Changing Minds and Changing Towels
If you had to persuade hotel guests to reuse their towels, how would you do it?
Posted August 23, 2008 Reviewed by Ekua Hagan
If you've stayed at a hotel anytime in the last several years, you've probably seen those little cards in your room asking you to reuse your towels to help save the environment. A survey of these persuasive messages communicated by scores of request cards from hotels around the globe reveals that these cards most commonly try to encourage towel recycling by focusing guests on the importance of the program to environmental protection.
As it turns out, this persuasion strategy generally seems to be an effective one: The majority of hotel guests who have the opportunity to participate in these programs do reuse their towels at least once during their stay.
Considering the success of these programs, my colleagues (Robert Cialdini of Arizona State University and Vladas Griskevicius of University of Minnesota) and I wondered why not a single sign that we encountered actually informed guests that the majority of their peers were participating in these types of programs. We thought an appeal of this nature, one that simply communicated the true social norm, might boost the likelihood of towel reuse even higher.
So we decided to conduct some experiments at a local hotel, two of which are reported in the upcoming October issue of Journal of Consumer Research, and three of which are reported in my new book Yes!: 50 Scientifically Proven Ways to Be Persuasive. (No post is complete without a shameless plug for the author's new book. Next I'll be hawking our bobbleheads, T-shirts, decorative spoon rests, and cologne.)
We found that by simply changing a few words on the standard sign, guests who learned that the majority of their fellow guests had reused their towels (the social norms appeal) were 26% more likely than those who saw the basic environmental protection message to recycle their towels. Not a bad improvement for a message that, to our knowledge, has never been used in those signs.
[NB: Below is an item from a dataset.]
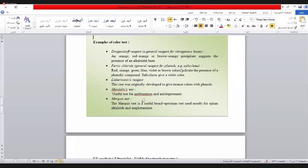إن شاء الله تكملت الجزء الثاني بالمختبر القادم. أنا أعتبر هذا مختبر. هل سأسألكم سؤال عن الموضوع حتى تروحون إلى درسكم؟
So, does this mean that we're just sheep? Not necessarily. But we're definitely more likely to follow the herd when we're uncertain about how to behave. And it turns out that we're also more likely to follow the herd to the extent that we perceive the herd as sharing our circumstances.
Consistent with this notion, we conducted another experiment in which we included a towel reuse sign communicating the social norm of guests who had specifically stayed in the same room as the guest. It turns out that despite the meaninglessness of the connection, this wording produced a 33% increase in towel-reuse participation compared to the standard environmental appeal.
Is the behavior exhibited by the participants who saw the same-room sign logical? I can think of two reasons why it's not. For one, you shouldn't exactly view the previous occupants of your hotel room in an especially positive light. After all, these are the same people who have, by simple virtue of previously staying in that room, played a bigger role in diminishing the quality of your room and its amenities than any other guests in the hotel, engaging in activities that range from the mundane to the...well...who-knows-what (e.g. pillow fights). Second, there's simply no rational reason to believe that the behaviors of those previously occupying your hotel room are any more appropriate or valid than, say, the behaviors of those previously occupying the room next door. Yet, as psychologists are often keen to point out, people don't always behave rationally.
Despite the fact that it might not be particularly rational to give more credence to the norms of one's own hotel room, it is generally rational for us to follow the behavioral norms associated with the particular environment, situation, or circumstances that most closely match our own environment, situation, or circumstances. For example, when you're at a public library, do you follow the norms of other library goers, quietly browsing through the nonfiction section and occasionally whispering to your friends, or do you follow the norms of the patrons at your favorite pub, crushing books against your forehead on a dare and playing games where you take a drink from your flask every time you read a word with the letter ‘e'? If you want to avoid a lifetime ban from the premises, you'd clearly choose the former alternative rather than the latter.
Although using the power of similar others in persuasive communications seems obvious, countless organizations fail to take advantage of this influential factor. Besides simply remembering to convey how many people support your ideas, initiatives, or products, my co-authors and I advocate one particularly effective strategy: Invite both current and prospective clients who share something in common (e.g. industry, size of company, etc.) to a luncheon or educational seminar. Be sure to arrange the seating charts so that they can easily commingle. In this setting, they're likely to naturally strike up conversations regarding the advantages of working you're your organization.
Also, as our hotel experiments suggest, remember that when pitching an idea, proposal, or a product to your audience, the more similar the person giving the testimonial is to your audience, the more persuasive the message becomes. This means that in deciding which testimonials to show to a prospect, you need to take your ego out of the process. You should not make the common mistake of beginning with the testimonial you're most proud of, but with the one whose circumstances are most comparable to your audience's. For instance, if you were selling software to the owner of a string of local beauty salons, he or she would be more influenced by information about how pleased other salon owners are with your software than the big shots at General Motors. After all, he or she would be likely to think, "If others in my situation have gotten good results with this product, then it should be right for me, too." And if you're really lucky, you could truthfully inform them that the five previous prospects who sat in this very conference room agreed to sign a contract with your company.